◆ **Supplied entries**
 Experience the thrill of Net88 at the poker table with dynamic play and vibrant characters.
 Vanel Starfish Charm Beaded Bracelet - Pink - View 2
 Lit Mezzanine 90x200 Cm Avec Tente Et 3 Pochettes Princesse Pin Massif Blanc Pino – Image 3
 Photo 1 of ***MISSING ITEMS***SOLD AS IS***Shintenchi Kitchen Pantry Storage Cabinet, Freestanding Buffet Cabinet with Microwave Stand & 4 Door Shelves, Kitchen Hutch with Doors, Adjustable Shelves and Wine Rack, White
---
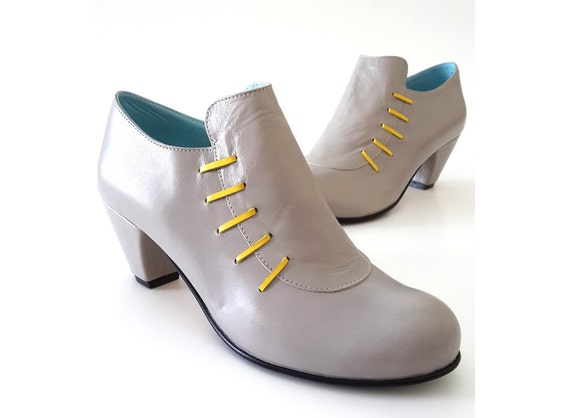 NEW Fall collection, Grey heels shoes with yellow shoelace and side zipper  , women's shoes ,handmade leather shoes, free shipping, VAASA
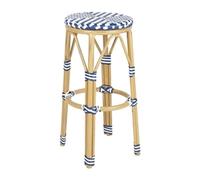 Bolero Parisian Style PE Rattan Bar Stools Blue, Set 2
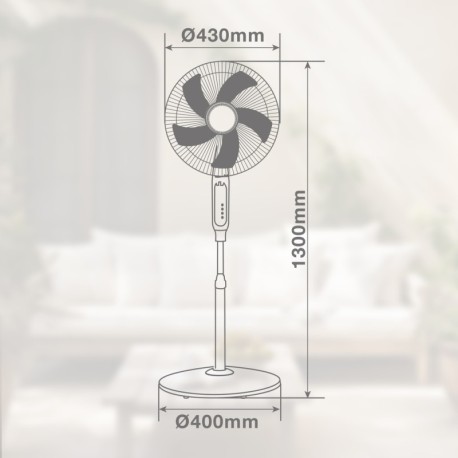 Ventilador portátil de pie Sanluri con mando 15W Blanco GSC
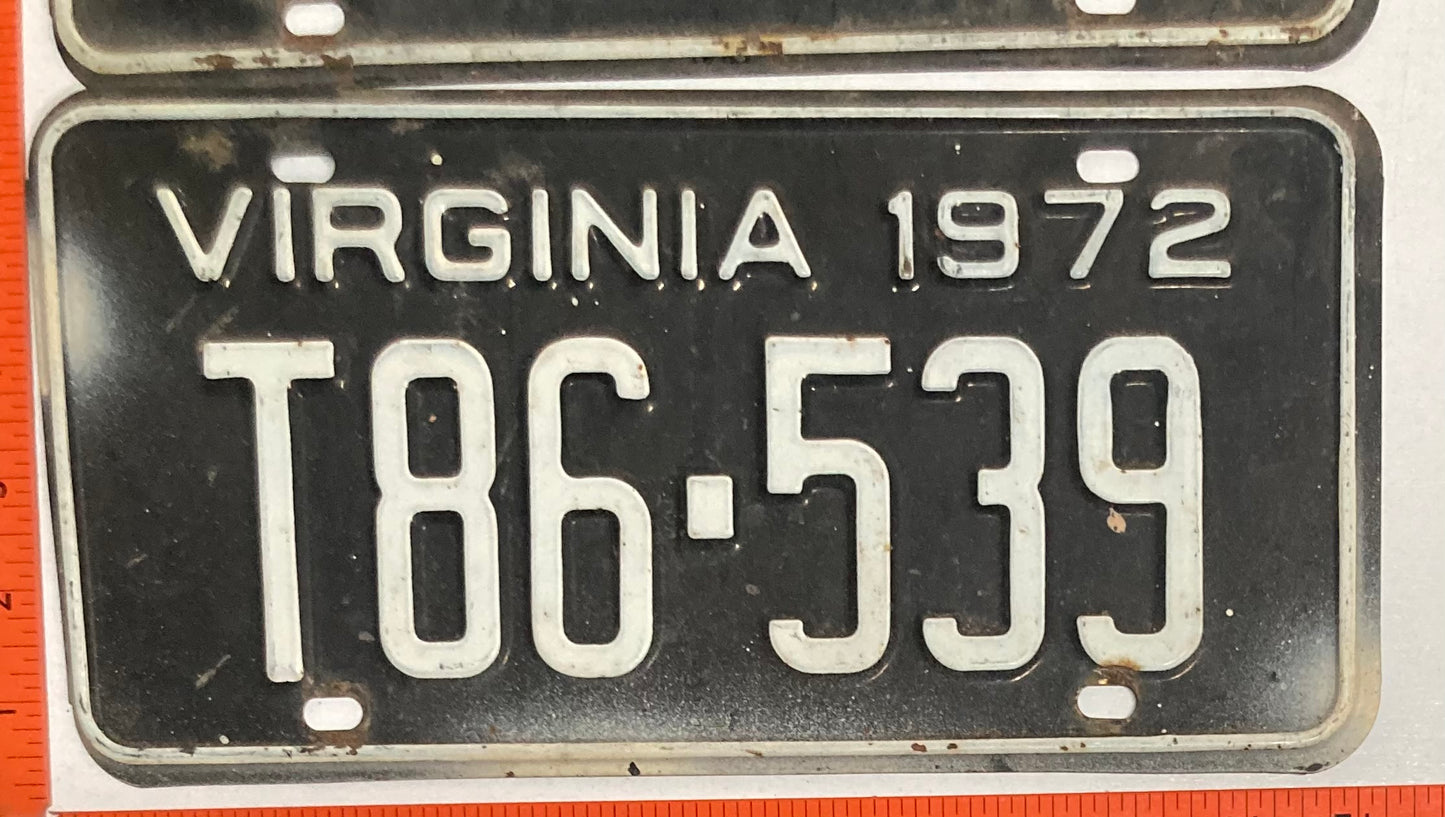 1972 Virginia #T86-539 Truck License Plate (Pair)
---
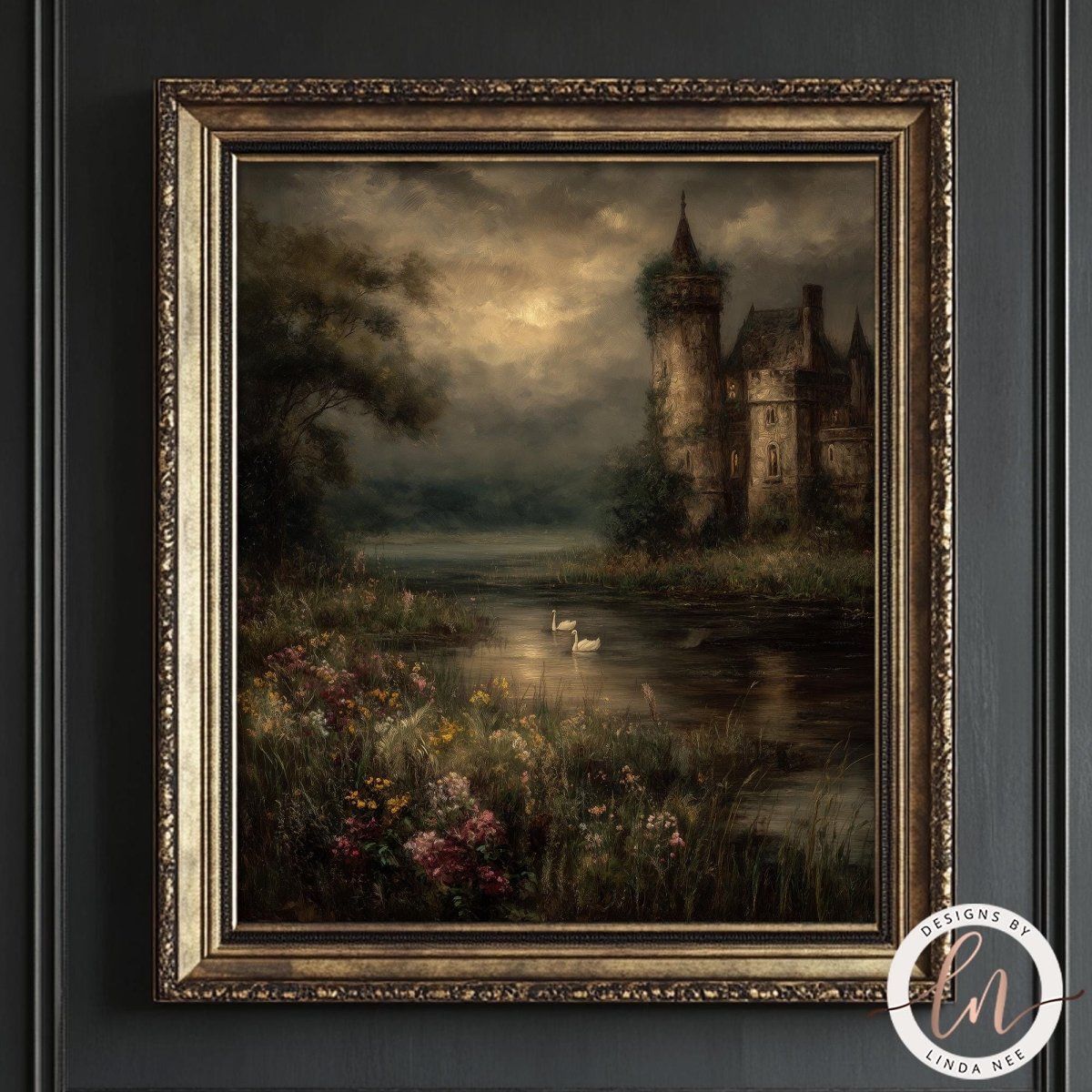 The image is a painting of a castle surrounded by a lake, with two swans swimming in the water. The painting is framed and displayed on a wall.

◆ **Prompt**
Above are the records. Print exactly, and only, the lines from the line with "Experience the thrill" to the line with "Lit Mezzanine 90x200", both inclusive.

◆ **Reply to the exercise**
 Experience the thrill of Net88 at the poker table with dynamic play and vibrant characters.
 Vanel Starfish Charm Beaded Bracelet - Pink - View 2
 Lit Mezzanine 90x200 Cm Avec Tente Et 3 Pochettes Princesse Pin Massif Blanc Pino – Image 3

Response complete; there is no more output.